In my case, that means I should have pierogi with either kangaroo, vegemite, or boerewors (South African farmer's sausage). As you can see, I came up with butterscotch bananas. I decided "my locale" also loosely translates into "my kitchen", and what I have in my kitchen at the moment is overripe bananas. Sounds perfect with some butter, brown sugar and dark rum, doesn't it? Except, I didn't have any rum, so I used some butterscotch schnapps instead. (I realise it's unforgivable to have butterscotch schnapps in your house, but it's leftover from the time I tried to recreate the butter beer from Harry Potter. Which turned out delicious, thank you very much.)
I'm going to be completely honest with you, ladies and gentlemen. I am exhausted. The Fabulous Man has been away on business most of the week, and I'm worn out from looking after the Little Girl on my lonesome. To all you single mums out there: Respect, girlfriends. I don't know how you do it. It's a combination of the Little Girl refusing to miss out on anything, and being a bit out of sorts because she's missing Daddy. Just taking a shower is a challenge, since she realised that she can crawl in while I'm washing my hair and can't see or hear her. She's done it once (soaked through clothes put on only minutes before), and now she tries to do it every time. I dare you to try and wash your hair with one hand while keeping the shower door closed with the other, as the Little Girl bangs on it with all her might.

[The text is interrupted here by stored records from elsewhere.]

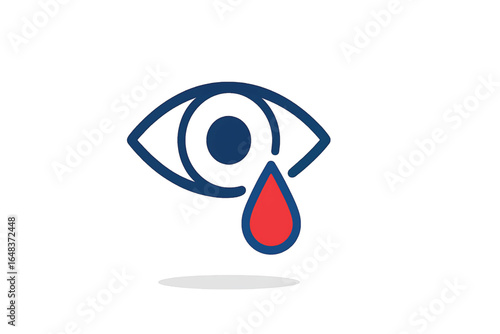 Vector of eye with tear, lacrimation, inflammation, redness and runny nose. Icon of allergy symtoms. Symbol of pollinosis.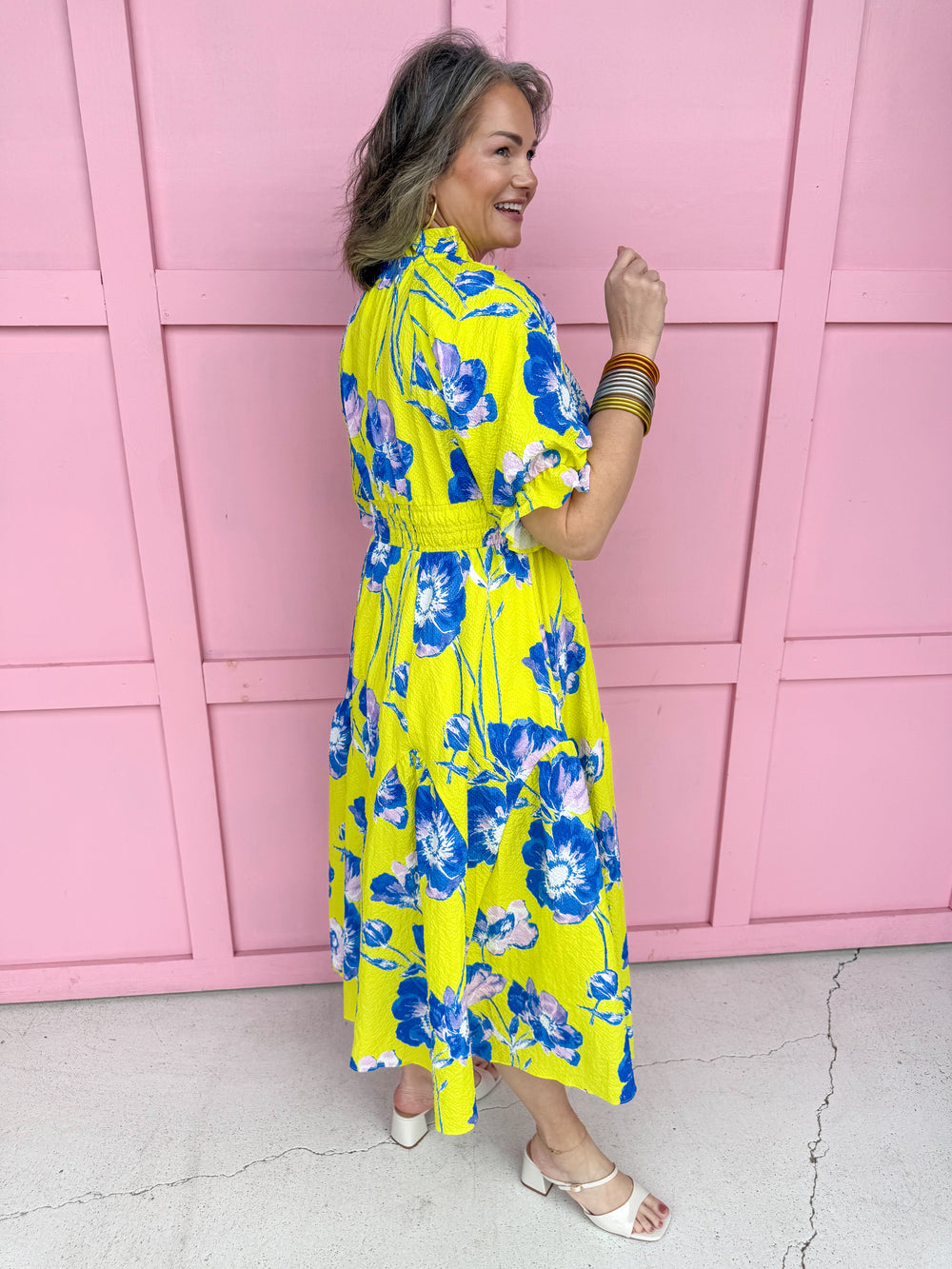 Jincy's Women's Boutique Spring Styles Yellow & Blue Floral Maxi Midi Dress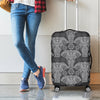 Black And White Boho Elephant Print Luggage Cover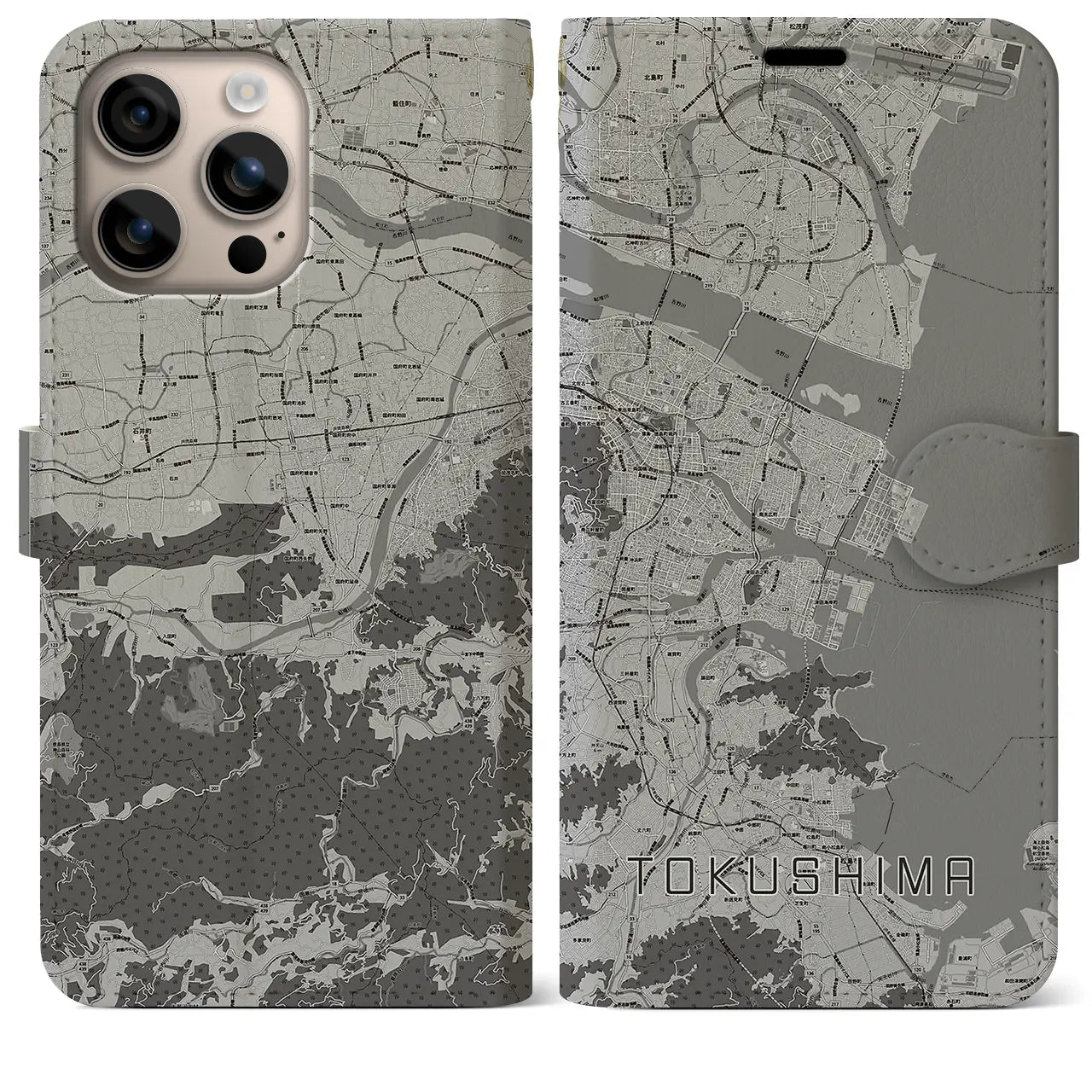 【徳島(徳島県)】地図柄iPhoneケース(手帳タイプ)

Falling asleep has always been a battle, but that's now combined with waking up way too often during the night for a one year old. Anyway, all this to explain that I'm tired, I'm not going to write fabulous posts tonights. Luckily this challenge was a fairly easy one, otherwise I would've missed out.
So without further ado, I bring you Butterscotch Banana Pierogi.

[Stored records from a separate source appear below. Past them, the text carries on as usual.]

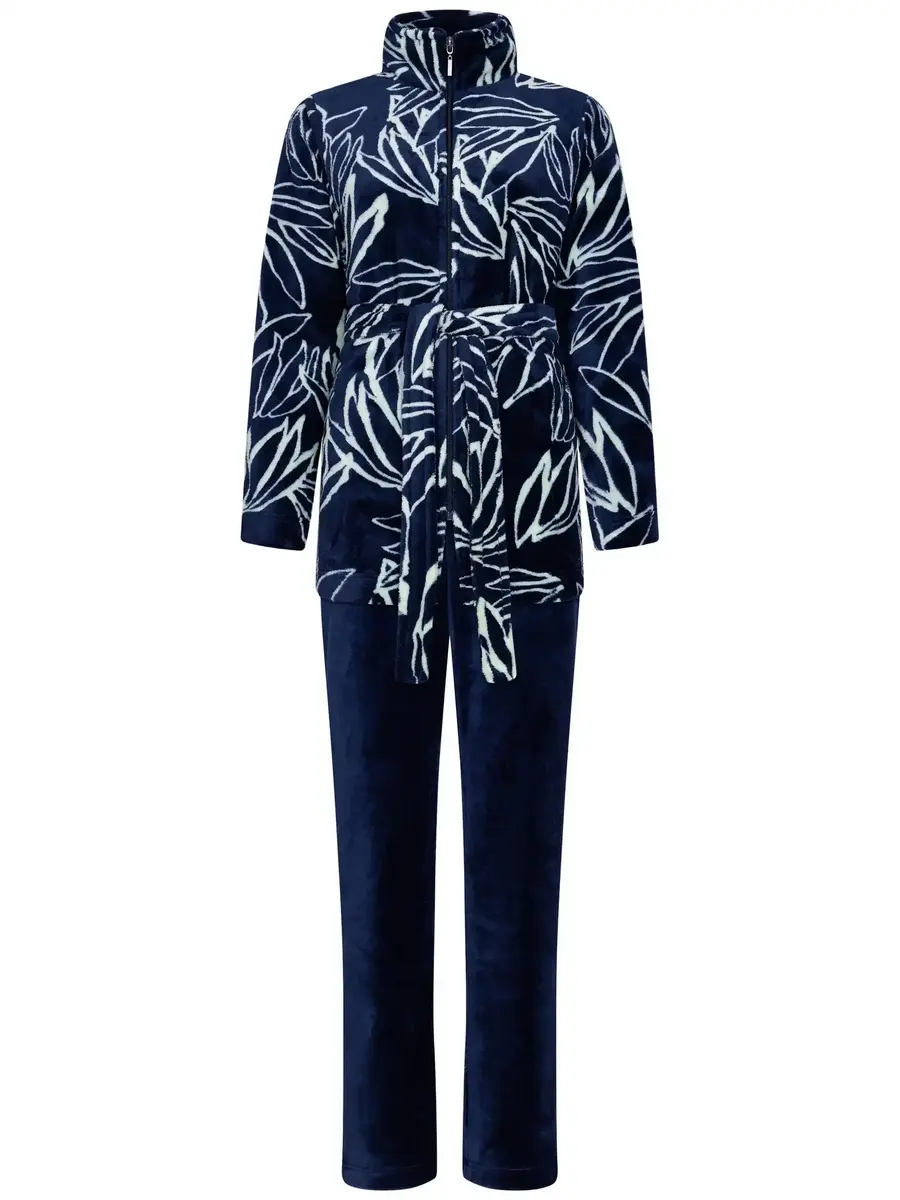 Pastunette Huispak Dames Fleece - Donkerblauw - Warm winter 2-delig pyjama pak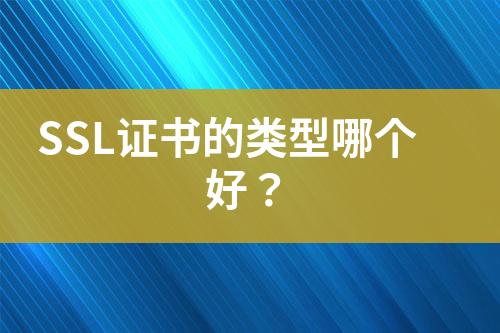 SSL證書的類型哪個好？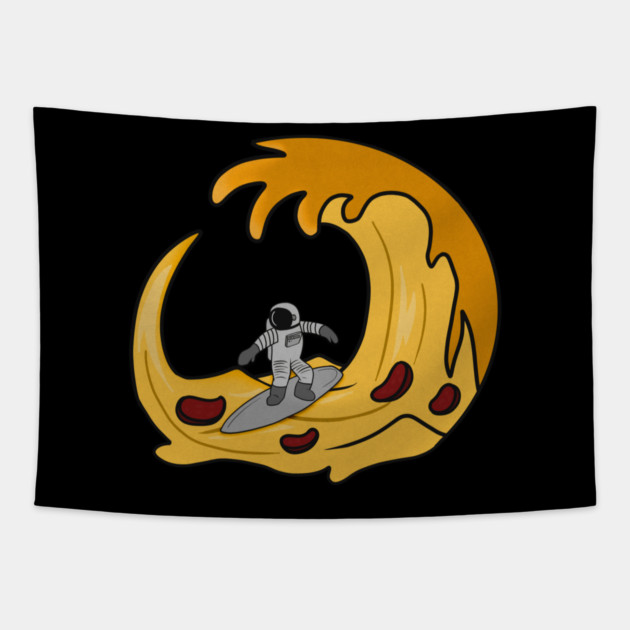 Funny Pizza Lover, Astronaut Surfing Tapestry by logiamerch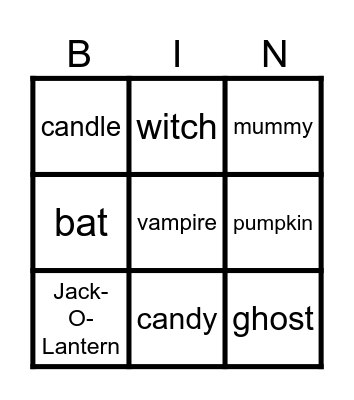 2023 Halloween Bingo Card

Butterscotch Banana Pierogi
½ cup (125 ml) milk (can be whole milk, 2% or skim milk)
½ cup (125 ml) whipping cream
3 large egg whites
1 tsp (5 ml) salt
3 cups (450 gm) all-purpose flour
1. Mix flour and salt, add other ingredients, and knead dough until you have a smooth dough.
2. On a floured surface roll out fairly thin (1/8” or about 3 millimeters), cut into 2” (5 cm) squares, and fill with 1 tsp (5ml) banana filling (see below).
2 bananas, chopped
2 tablespoons butter
2 tablespoons dark brown sugar
1 tablespoon butterscotch schnapps or rum (optional)
In a heavy saucepan, melt the butter and brown sugar until frothy.
Add the bananas, and fry until soft and fragrant.
Add the schnapps.
Keep separate until needed.
Fry the cooked pierogi in the leftover caramel until nice and golden, and serve with some cream and some schnapps on the side if you're letting your hair down.